The relationship between the authority and CH2M hit a low point on Dec. 17, when the authority issued a notice of default to the contractor and hinted that it would file a surety claim if the contractor did not provide in 60 days a plan to complete the project in a satisfactory time frame.

The notice of default is considered an interim step required before a company can be formally defaulted or terminated from a project. Sometimes the notice sets the stage for a negotiation of disputed facts and funds.

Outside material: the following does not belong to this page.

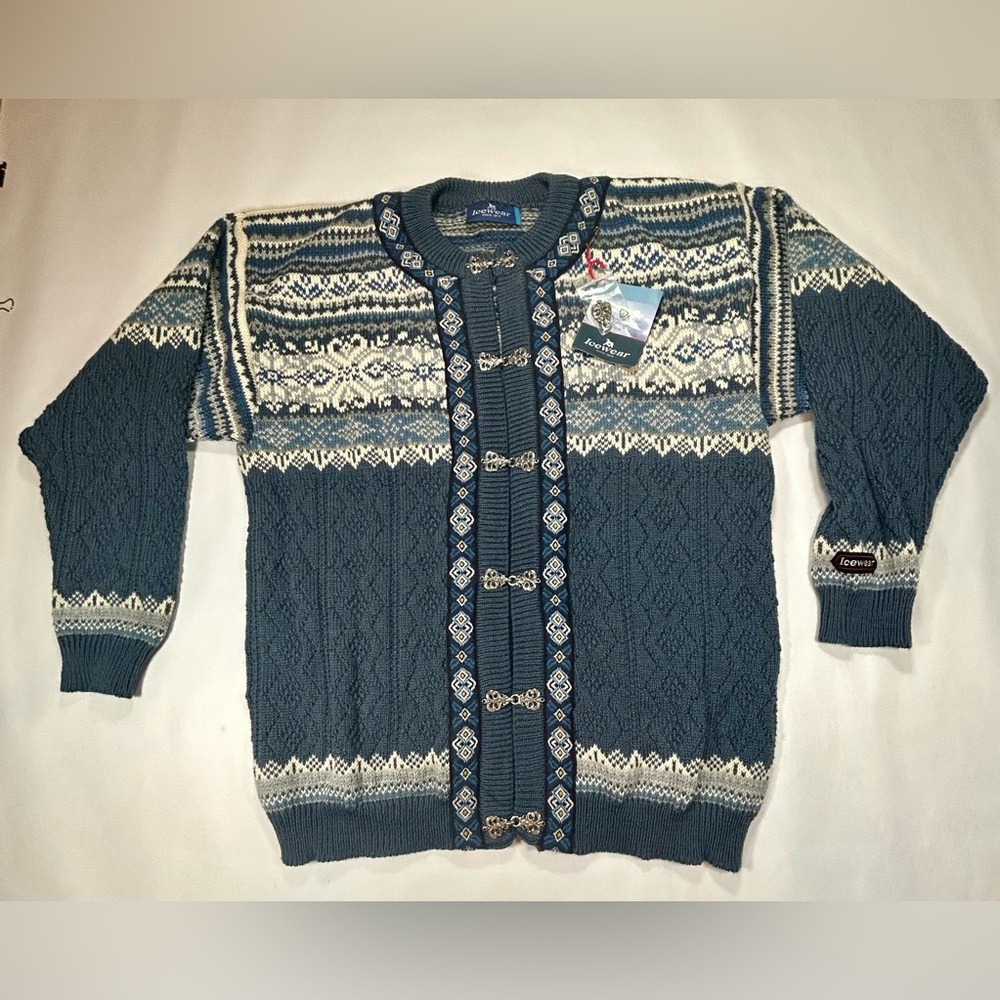 Icewear Wool Open Clasp Cardigan Sweater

The authority, created in 2002 to alleviate traffic congestion in Williamson and Travis counties, has a number of substantial projects in different stages of planning and construction. One of them, the MoPac Improvement Project, will add toll lanes in both directions to an 11-mile stretch between downtown Austin and Parmer Lane. The total project budget was set at about $200 million, and CH2M Hill’s contract was for $137 million.

In February 2013, CH2M Hill won the best-value design-build contract, beating out two short-listed joint ventures: JD Abrams LP and The Lane Construction Corp. and Dan Williams Co. and Sundt Construction.

At the time it issued the default notice, the authority said in a statement that it already had assessed CH2M Hill more than $1 million in contractually specified damages related to alleged unauthorized lane closures. According to the authority, CH2M’s total possible damages are capped at $20 million.

Also, the authority stated, CH2M was submitting delay claims that the authority maintained, until then, it had “not found justification” to compensate CH2M for the claims or to extend the completion deadline.